Opposition to Decision
The unionization of a handful of athletes is not the solution, testified Jill Bodensteiner, vice president and director of athletics at Saint Joseph’s University in Philadelphia. The Dartmouth College decision is so broad that it could affect NCAA Division II and III athletics, nonathletic clubs, and high schools, she added. Band members and cheerleaders sometimes get scholarships. Much extracurricular activity may be covered, and students involved in such activity might be considered employees following the reasoning of Dartmouth College case, she said.
The decision’s reach could be detrimental, Bodensteiner cautioned. It may make it hard for some schools to compete when they’ll be forced to play by different rules. The NLRA doesn’t apply to public institutions or religious ones, she noted.
Ultimately, the ruling could result in the reduction of the number of sports sponsored by colleges and universities, Bodensteiner said.
The board got it right when it declined to exercise jurisdiction over student athletes under the NLRA in the Northwestern University case, said Tyler Sims, an attorney with Littler in Newark, N.J.
In the Dartmouth College decision, the regional director distinguished Northwestern University from the case at hand, saying that in Northwestern University the board declined to exercise jurisdiction over the players at the university.
Sims said scholarships are tax-free and asked whether student athletes would have to pay taxes on scholarships if they were considered employees.
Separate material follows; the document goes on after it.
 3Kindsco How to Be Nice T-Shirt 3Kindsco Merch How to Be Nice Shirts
Under a collective bargaining agreement, Sims asked, would extra time in the weight room be considered overtime? Would studying be a mandated term of bargaining? When could student athletes talk directly to coaches or have to go through the union?
“It’s not that unions are good or bad. It’s the setting that’s the problem,” Sims said, stating that he didn’t believe classifying student athletes as employees was positive.
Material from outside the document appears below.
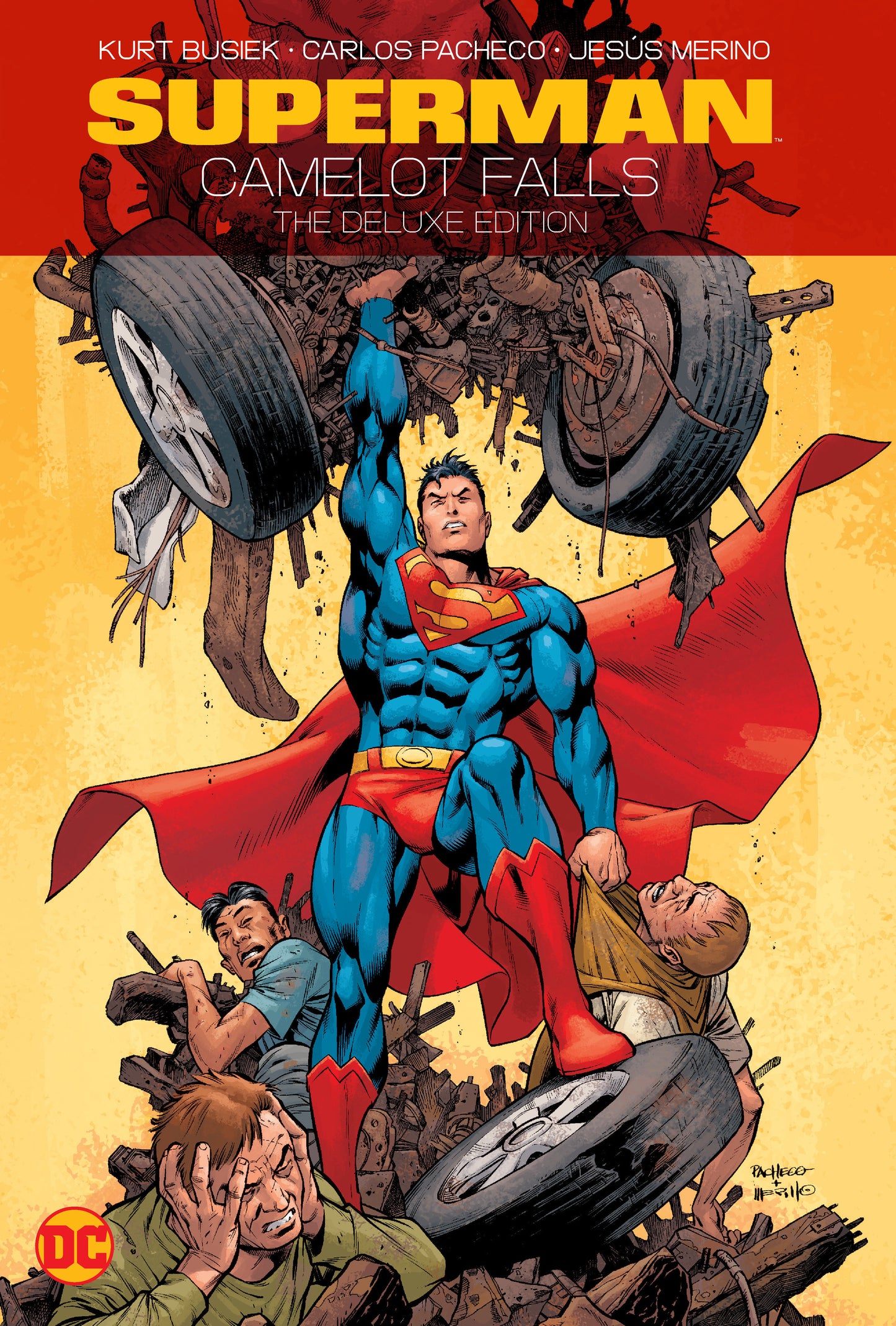 Superman: Camelot Falls: The Deluxe Edition DC Comics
Matthew Mitten, a professor of law and director of the National Sports Law Institute at Marquette University Law School, which is in Milwaukee, Wis., said allowing student athletes to be classified as employees conflicts with Title IX of the Education Amendments of 1972, which prohibits schools receiving federal funding from discriminating based on sex, and the Fair Labor Standards Act. The increase in costs to schools could result in the elimination of less revenue-generating teams, including women’s teams, he cautioned.
Rep. Glenn Thompson, R-Pa., commented that the increase in costs resulting from classifying student athletes as employees would mean increased tuition for students.
Supporters of the Ruling
Former NLRB chair Mark Gaston Pearce, executive director of the Workers’ Rights Institute at Georgetown Law in Washington, D.C., said this was a rapidly changing area of the law.
Most students who are athletes struggle to make ends meet, Pearce stated. “Racism drives opposition to pay college athletes,” he said, calling it “a plantation dynamic” extracting value from athletes to pad others’ pockets.
“The status quo can’t persist,” Pearce said, calling the “current situation unsustainable and unjust.” He called for collective bargaining for students who are athletes, ensuring them a seat at the table.
Ranking Member Bobby Scott, D-Va., asked Pearce how being a student athlete was different from a student working in the library.
There’s not much difference, Pearce replied.
Rep. Joe Courtney, D-Conn., said the world didn’t come to an end after the Columbia University decision, which he thought was a similar case to Dartmouth College.
Columbia University has worked out well, Pearce said.
Courtney said the right for student athletes to unionize would “force universities to reimagine college athletics.”